リアン「そのようなことはないと思うけれど。」

リョウ「さっきのメニュー表を見ても、肉や魚はなさそうだったけれど。」


リアン「何とも言えないわ。」


しばらくすると、料理がやってきた。


白ぼちゃ焼きは焼かれたぼちゃにクリームソースの様なものがかけられた料理で、

緑ぼちゃスープは、とんこつラーメンに似たような味だったが、

スープは豆の様な植物を使い、作ったとのこと。


料理を持ってきたウエイターに話を聞くと、やはり人間族の料理と違い、

魚や肉はほとんど使われないとのことだった。


この後砂漠化が急激に進み、植物が減った中で、エルフの食生活文化が変わっていったのか?

とリョウは推測した。


ちょうど、食事が終わった頃、外から大きな警報音が聞こえてきた。

リョウはウエイターに何事か聞くと、ブラックドラゴンの襲撃で、

襲撃があると、リンデル都市全体がバリアで覆われ、攻撃を回避する措置が取られるとのことだった。
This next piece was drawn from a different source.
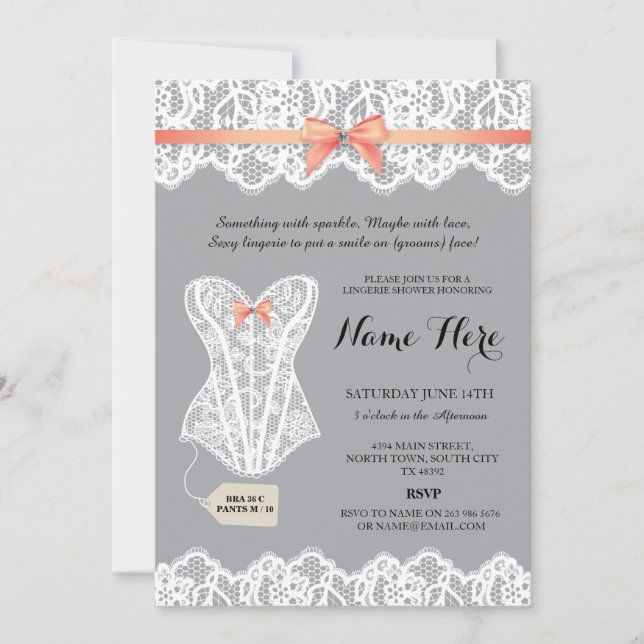 Grey Lingerie Shower Bridal Coral Corset Invites (Front)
ウエイター「リンデル様がいるから、私たちはブラックドラゴンの襲撃があっても、

こうして暮らしていけるのです。バリアは強力ですから。」


話によると、2年前からこうしたブラックドラゴンの襲撃が起こり、

最初の内はドラゴンブレスで町が破壊されたが、

リンデルがこうした防衛システムを駆逐してから、被害は皆無とのこと。


リョウ「こうしたブラックドラゴンの襲撃がなぜ砂漠化につながり、

私たちの時代にやってきたのか、明日から本格的に調べよう。」


リョウは、リリネア、リアン、シャミルに言う。